Three common approaches are content-based recommendation, social recommendation, and
personalized recommendations.
Content-based recommendations look at the content of the videos, not the audience.
Like, for example, our algorithm may decide to recommend more recent videos, or videos
that are made by someone on a list of “quality creators.” But this means someone has to
decide who “quality creators” are, or program an AI that tries to predict creator
quality.
On the other hand, social recommendations pay attention to the audience.
YouTube is on the internet so we can use social ratings such as “likes” or “views”
or “watch time” to decide what people are watching and should be recommended. But
not everybody likes the same stuff, so maybe pure popularity isn't the way to go.
Different people have different preferences, so our AI can incorporate that with personalized
recommendations.
If you like this Crash Course video, maybe we'd recommend other Crash Course videos
or videos from my channel. But the problem with personalized recommendations is that
it might be difficult to stumble onto new interesting stuff.
So, to get the best of all worlds, recommender systems generally use collaborative filtering,
which combines all three of these recommenders.
When we see a recommendation on YouTube, it could be because that video is similar to
other videos that we've watched and liked and other people who have similar tastes watched
and liked that video. Or (especially if you're new to Youtube) that video might be recommended
because it's popular and lots of people are watching and liking it.
Collaborative filtering combines several of the techniques we've already talked about
in Crash Course AI. It uses unsupervised learning to find similar people or content, and it
tries to use data from those things to predict how we would feel about something we haven't
even seen yet.
To see how collaborative filtering works, let's use a simple example.

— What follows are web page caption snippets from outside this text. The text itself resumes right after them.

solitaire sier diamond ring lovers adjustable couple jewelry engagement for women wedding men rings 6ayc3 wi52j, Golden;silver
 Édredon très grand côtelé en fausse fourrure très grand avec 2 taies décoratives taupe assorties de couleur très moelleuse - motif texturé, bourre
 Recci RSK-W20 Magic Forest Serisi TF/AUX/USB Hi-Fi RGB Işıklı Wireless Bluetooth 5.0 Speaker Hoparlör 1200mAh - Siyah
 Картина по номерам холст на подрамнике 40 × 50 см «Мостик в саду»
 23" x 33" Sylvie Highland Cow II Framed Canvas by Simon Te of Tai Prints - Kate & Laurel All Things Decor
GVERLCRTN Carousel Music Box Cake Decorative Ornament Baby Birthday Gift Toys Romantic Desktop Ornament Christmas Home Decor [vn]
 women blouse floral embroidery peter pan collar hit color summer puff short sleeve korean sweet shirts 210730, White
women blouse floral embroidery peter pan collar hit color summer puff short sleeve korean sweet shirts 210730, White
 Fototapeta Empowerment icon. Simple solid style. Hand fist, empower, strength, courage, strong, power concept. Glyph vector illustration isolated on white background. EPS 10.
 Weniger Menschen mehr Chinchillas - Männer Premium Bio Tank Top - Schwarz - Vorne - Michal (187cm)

In this table, YouTube channels are represented as columns. So, here, one column represents
CrashCourse, one is Jabrils, one is The Best of BattleBots, one is The Art Assignment,
and so on.
Specific users that watch YouTube videos are represented as rows. So this row is John-Green-bot,
this one is me, these two are a couple random folks, this one is our producer Brandon, and
so on.
Each cell in the table corresponds to whether the user subscribes to a specific channel
or not. 1 means they've watched at least one video and subscribed, 0 means they've
watched at least one video and didn't subscribe, and the cell is empty if they haven't seen
any videos.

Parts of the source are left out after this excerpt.